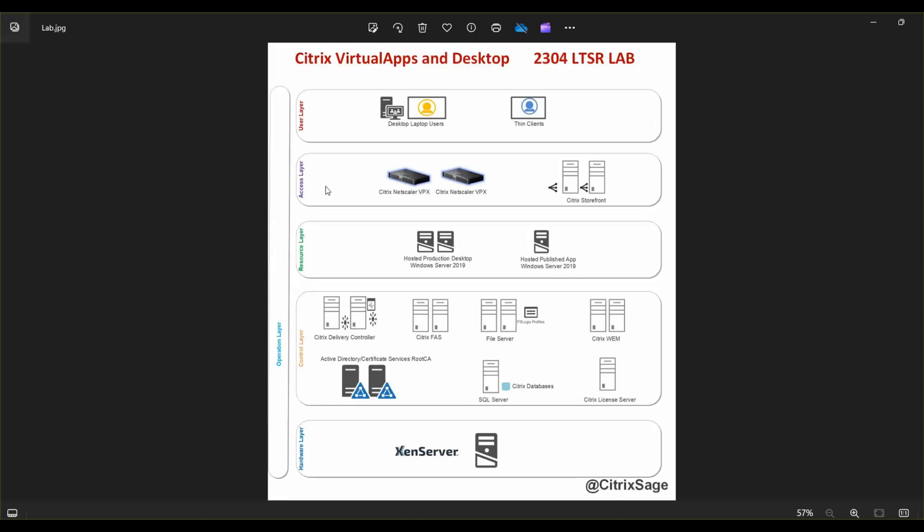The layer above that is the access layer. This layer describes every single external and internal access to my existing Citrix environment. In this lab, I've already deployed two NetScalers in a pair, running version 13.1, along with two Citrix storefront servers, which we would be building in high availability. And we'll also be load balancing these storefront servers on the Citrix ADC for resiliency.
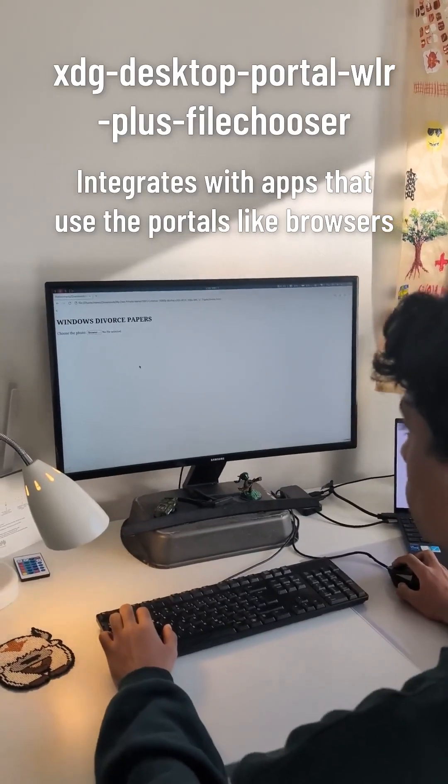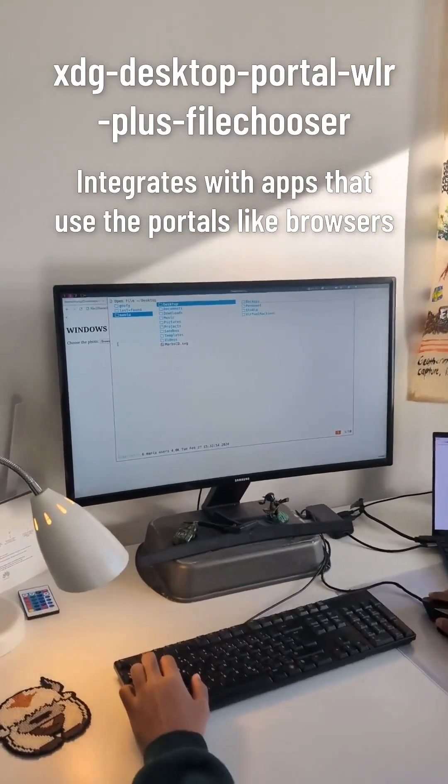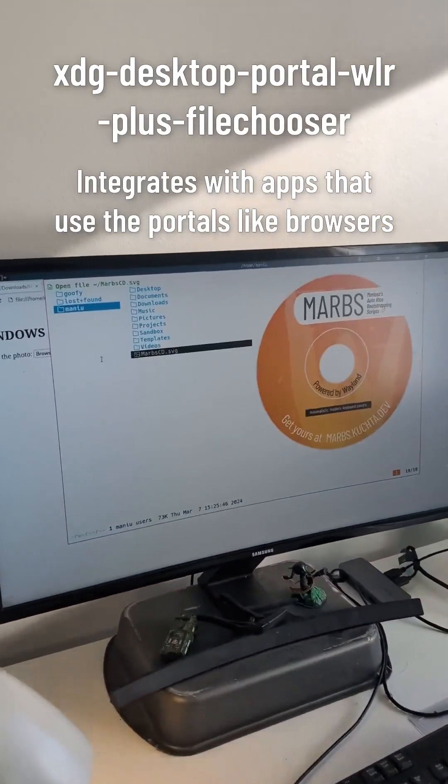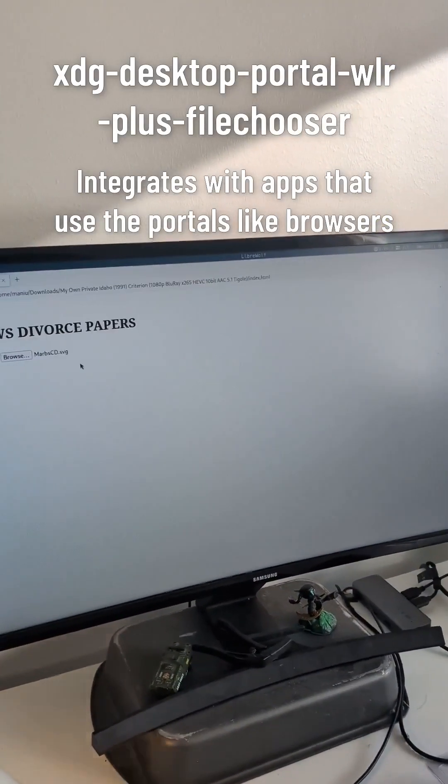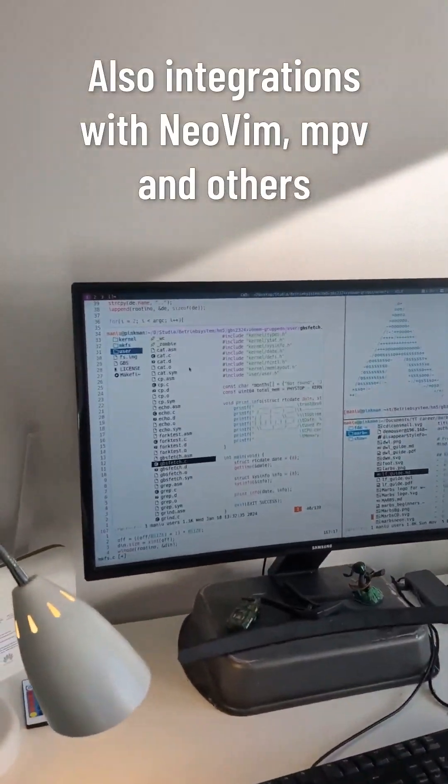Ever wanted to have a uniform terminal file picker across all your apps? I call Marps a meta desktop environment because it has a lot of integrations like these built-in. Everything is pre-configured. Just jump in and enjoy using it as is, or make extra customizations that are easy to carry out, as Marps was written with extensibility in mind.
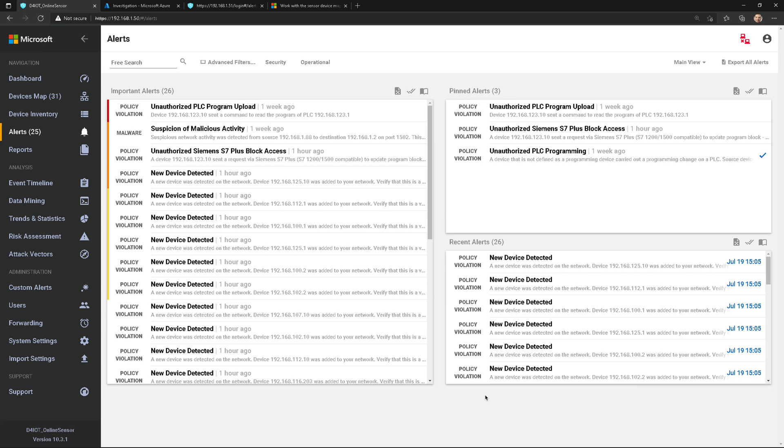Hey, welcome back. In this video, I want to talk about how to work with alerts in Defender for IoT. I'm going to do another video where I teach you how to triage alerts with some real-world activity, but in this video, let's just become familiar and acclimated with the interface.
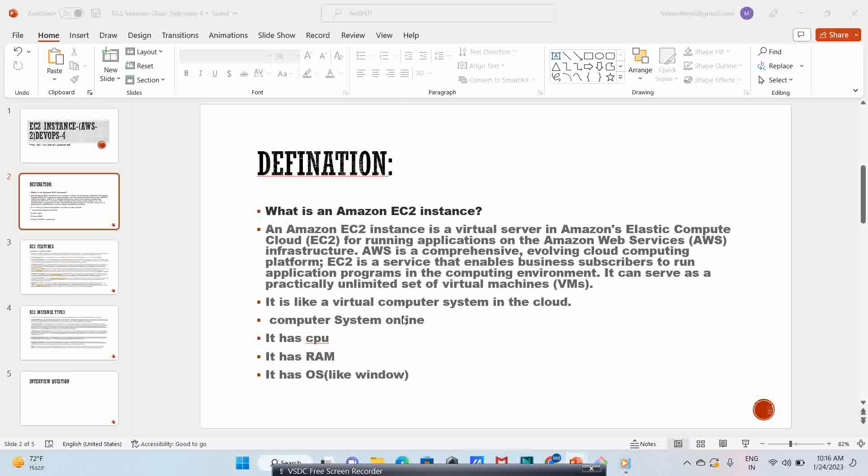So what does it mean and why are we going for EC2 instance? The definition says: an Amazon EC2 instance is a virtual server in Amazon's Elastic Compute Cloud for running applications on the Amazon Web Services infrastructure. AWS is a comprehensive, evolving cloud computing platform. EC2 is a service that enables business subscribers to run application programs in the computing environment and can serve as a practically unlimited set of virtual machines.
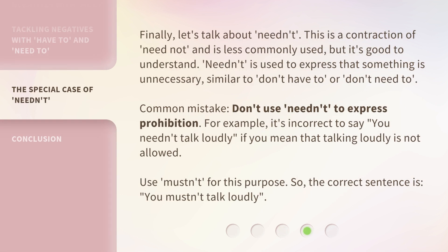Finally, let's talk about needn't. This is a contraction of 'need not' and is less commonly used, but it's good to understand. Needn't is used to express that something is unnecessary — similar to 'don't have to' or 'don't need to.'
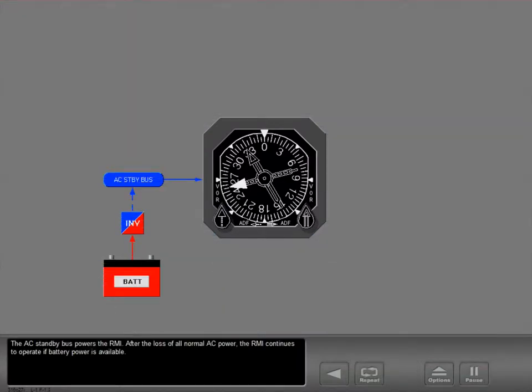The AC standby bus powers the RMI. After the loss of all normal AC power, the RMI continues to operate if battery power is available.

____________________

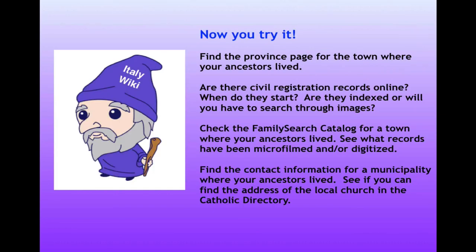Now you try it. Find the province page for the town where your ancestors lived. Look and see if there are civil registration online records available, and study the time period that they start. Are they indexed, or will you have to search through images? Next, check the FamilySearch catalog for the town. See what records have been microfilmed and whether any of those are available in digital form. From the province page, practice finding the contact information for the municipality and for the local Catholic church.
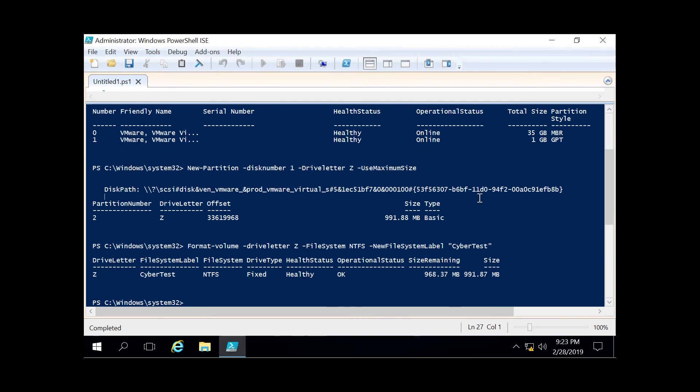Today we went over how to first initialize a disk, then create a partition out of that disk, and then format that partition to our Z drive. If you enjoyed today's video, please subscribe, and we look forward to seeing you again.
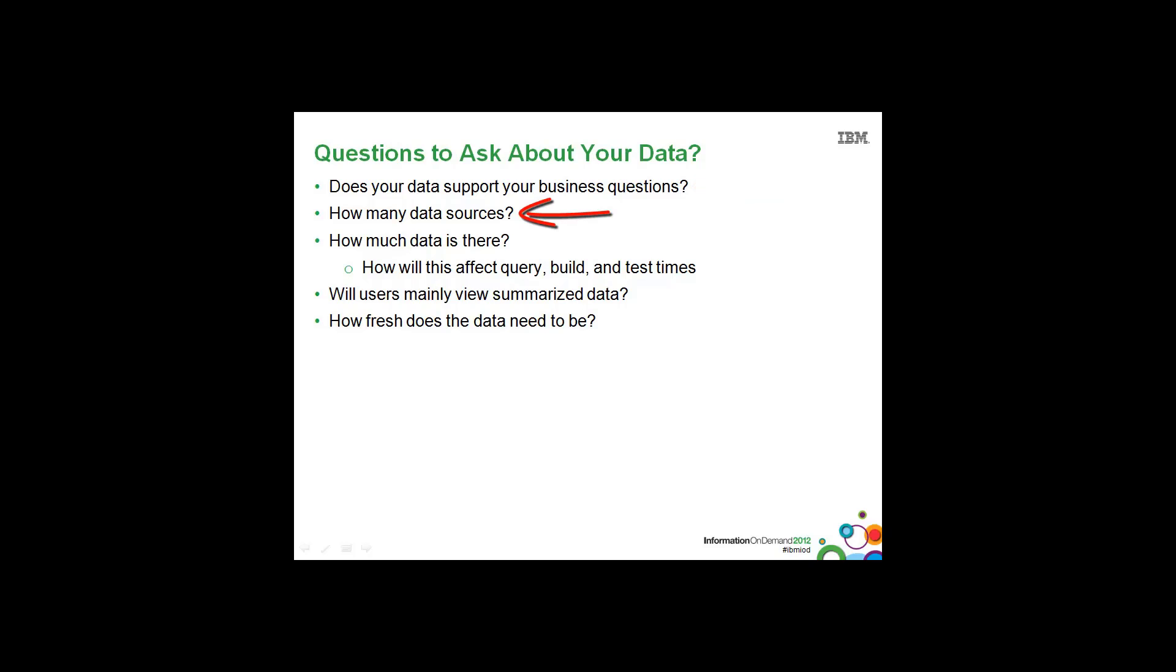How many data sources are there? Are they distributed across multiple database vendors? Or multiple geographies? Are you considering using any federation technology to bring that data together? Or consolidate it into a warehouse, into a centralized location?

____________________

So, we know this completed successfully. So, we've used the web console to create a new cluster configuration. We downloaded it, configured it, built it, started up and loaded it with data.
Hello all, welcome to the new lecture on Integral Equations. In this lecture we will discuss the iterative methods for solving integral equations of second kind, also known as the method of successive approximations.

____________________

## WORK REQUIRED
Find the line with "So, we know" in the entries above. Retype it and each line after it, exactly, through the line with "Hello all, welcome", and stop there.

## RESULT OF THE TASK
So, we know this completed successfully. So, we've used the web console to create a new cluster configuration. We downloaded it, configured it, built it, started up and loaded it with data.
Hello all, welcome to the new lecture on Integral Equations. In this lecture we will discuss the iterative methods for solving integral equations of second kind, also known as the method of successive approximations.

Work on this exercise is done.